In HPX main() is used to initialize the runtime system and pass the command line arguments to the program. If you wish to add command line options to your program you would add them here using the instance of the Boost class options_description, and invoking the public member function .add_options() (see Boost Documentation for more details). hpx::init calls hpx_main() after setting up HPX, which is where the logic of our program is encoded.

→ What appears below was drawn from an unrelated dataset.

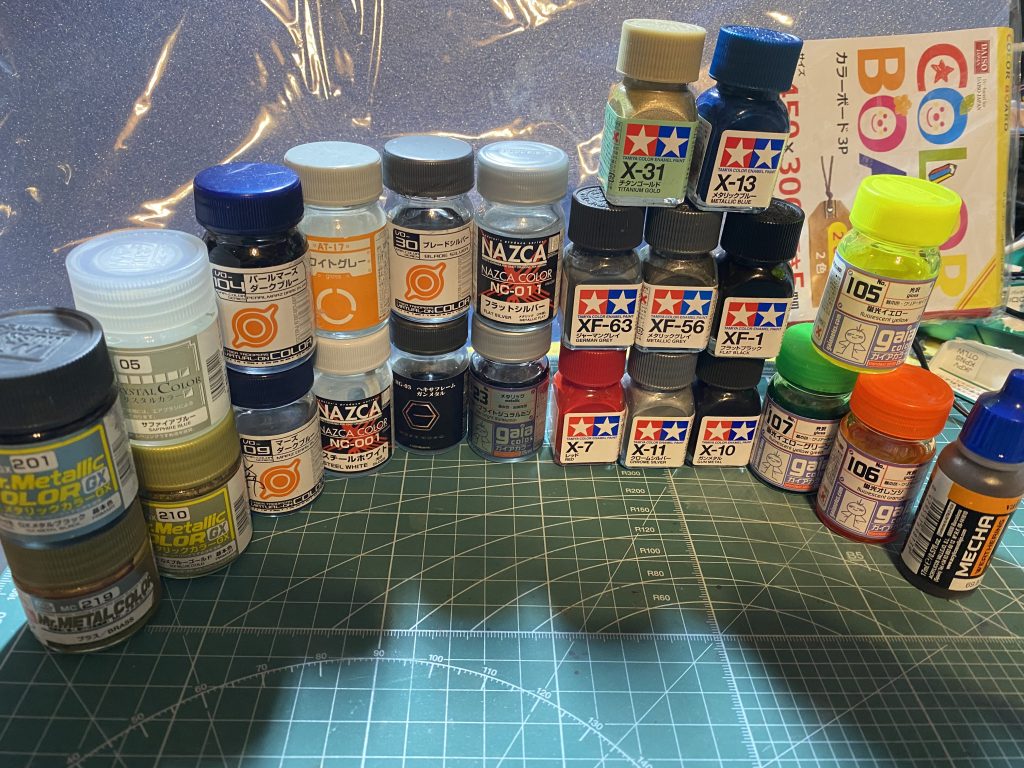 今回使用した塗料の皆さんです。白やフレーム色、シルバーも単色にせず情報量増やしてます。エナメルとファレホは部分塗装用です。蛍光色はツインアイとセンサー用です。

int main(int argc, char* argv[])
{
    // Configure application-specific options
    hpx::program_options::options_description desc_commandline(
        "Usage: " HPX_APPLICATION_STRING " [options]");

    // clang-format off
    desc_commandline.add_options()
        ("n-value",
            hpx::program_options::value<std::uint64_t>()->default_value(10),
            "n value for the Fibonacci function")
        ;
    // clang-format on

    // Initialize and run HPX
    hpx::local::init_params init_args;
    init_args.desc_cmdline = desc_commandline;

    return hpx::local::init(hpx_main, argc, argv, init_args);
}

The hpx::init function in main() starts the runtime system, and invokes hpx_main() as the first HPX-thread. Below we can see that the basic program is simple. The command line option --n-value is read in, a timer (hpx::chrono::high_resolution_timer) is set up to record the time it takes to do the computation, the fibonacci function is invoked synchronously, and the answer is printed out.

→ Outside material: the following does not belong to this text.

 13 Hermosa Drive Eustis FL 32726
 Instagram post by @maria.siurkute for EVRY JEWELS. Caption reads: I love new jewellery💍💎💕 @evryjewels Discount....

int hpx_main(hpx::program_options::variables_map& vm)
{
    hpx::threads::add_scheduler_mode(
        hpx::threads::policies::scheduler_mode::fast_idle_mode);

    // extract command line argument, i.e. fib(N)
    std::uint64_t n = vm["n-value"].as<std::uint64_t>();

    {
        // Keep track of the time required to execute.
        hpx::chrono::high_resolution_timer t;

        std::uint64_t r = fibonacci(n);

        char const* fmt = "fibonacci({1}) == {2}\nelapsed time: {3} [s]\n";
        hpx::util::format_to(std::cout, fmt, n, r, t.elapsed());
    }

    return hpx::local::finalize();    // Handles HPX shutdown
}

The fibonacci function itself is synchronous as the work done inside is asynchronous. To understand what is happening we have to look inside the fibonacci function:

std::uint64_t fibonacci(std::uint64_t n)
{
    if (n < 2)
        return n;

    hpx::future<std::uint64_t> n1 = hpx::async(fibonacci, n - 1);
    std::uint64_t n2 = fibonacci(n - 2);

    return n1.get() + n2;    // wait for the Future to return their values
}

This block of code looks similar to regular C++ code. First, if (n < 2), meaning n is 0 or 1, then we return 0 or 1 (recall the first element of the Fibonacci sequence is 0 and the second is 1). If n is larger than 1 we spawn two new tasks whose results are contained in n1 and n2. This is done using hpx::async which takes as arguments a function (function pointer, object or lambda) and the arguments to the function. Instead of returning a std::uint64_t like fibonacci does, hpx::async returns a future of a std::uint64_t, i.e. hpx::future<std::uint64_t>. Each of these futures represents an asynchronous, recursive call to fibonacci. After we’ve created the futures, we wait for both of them to finish computing, we add them together, and return that value as our result. We get the values from the futures using the get method. The recursive call tree will continue until n is equal to 0 or 1, at which point the value can be returned because it is implicitly known. When this termination condition is reached, the futures can then be added up, producing the n-th value of the Fibonacci sequence.

Note that calling get potentially blocks the calling HPX-thread, and lets other HPX-threads run in the meantime. There are, however, more efficient ways of doing this. examples/quickstart/fibonacci_futures.cpp contains many more variations of locally computing the Fibonacci numbers, where each method makes different tradeoffs in where asynchrony and parallelism is applied. To get started, however, the method above is sufficient and optimizations can be applied once you are more familiar with HPX. The example Dataflow presents dataflow, which is a way to more efficiently chain together multiple tasks.